In the fall of 1988 my wife Georgia and I were invited
to give a presentation of self-esteem and peak performance
at a conference in Hong Kong. Since we had never been to the
Far East before, we decided to extend our trip and visit
When we arrived in Bangkok, we decided to take a tour
of the city's most famous Buddhist temples. Along with our
interpreter and driver, Georgia and I visited numerous
Buddhist temples that day, but after a while they all began
to blur in our memories.
However, there was one temple that left an indelible
impression in our hearts and minds. It is called the Temple
of the Golden Buddha. The temple itself is very small,
probably no larger than thirty feet by thirty feet. But as
we entered, we were stunned by the presence of a ten-and-a-
half-foot tall, solid-gold Buddha. It weighs over two-and-a-
half tons and is valued at approximately one hundred and
ninety-six million dollars! It was quite an awesome sight -
the kindly gentle, yet imposing solid-gold Buddha smiling
down at us.
As we immersed ourselves in the normal sightseeing
tasks(taking pictures while oohing and ahhing over the
statue), I walked over to a glass case that contained a
large piece of clay about eight inches thick and twelve
inches wide. Next to the glass case was a typewritten page
describing the history of this magnificent piece of art.
Back in 1957 a group of monks from a monastery had to
relocate a clay Buddha from their temple to a new location.

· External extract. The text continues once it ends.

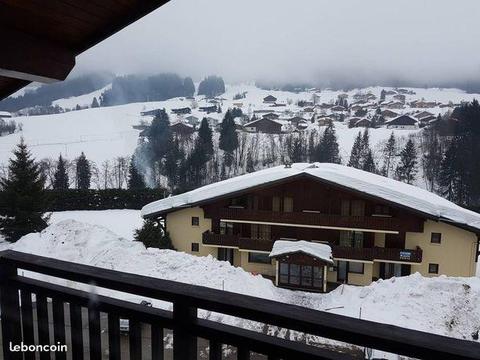 location saisonnière studio a praz sur arly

The monastery was to be relocated to make room for the
development of a highway through Bangkok. When the crane
began to lift the giant idol, the weight of it was so
tremendous that it began to crack. What's more, rain began
to fall. The head monk, who was concerned about damage to
the sacred Buddha, decided to lower the statue back to the
ground and cover it with a large canvas tarp to protect it
from the rain.
Later that evening the head monk went to check on the
Buddha. He shined his flashlight under the tarp to see if
the Buddha was staying dry. As the light reached the crack,
he noticed a little gleam shining back and thought it
strange. As he took a closer look at this gleam of light, he
wondered if there might be something underneath the clay. He
went to fetch a chisel and hammer from the monastery and
began to chip away at the clay. As he knocked off shards of
clay, the little gleam grew brighter and bigger. Many hours
of labor went by before the monk stood face to face with the
extraordinary solid-gold Buddha.
Historians believe that several hundred years before
the head monk's discovery, the Burmese army was about to
invade Thailand (then called Siam). The Siamese monks
realizing that their country would soon be attacked, covered
their precious golden Buddha with an outer covering of clay
in order to keep their treasure from being looted by the
Burmese. Unfortunately, it appears that the Burmese
slaughtered all the Siamese monks, and the well-kept secret
of the golden Buddha remained intact until that fateful day
As we flew home on Cathay Pacific Airlines I began to
think to myself, "We are all like the clay Buddha covered
with a shell of hardness created out of fear, and yet
underneath each of us is a 'golden Buddha,' a 'golden
Christ' or a 'golden essence,' which is our real self.
Somewhere along the way, between the ages of two and nine,
we begin to cover up our 'golden essence,' our natural self.
Much like the monk with the hammer and the chisel, our task
now is to discover our true essence once again."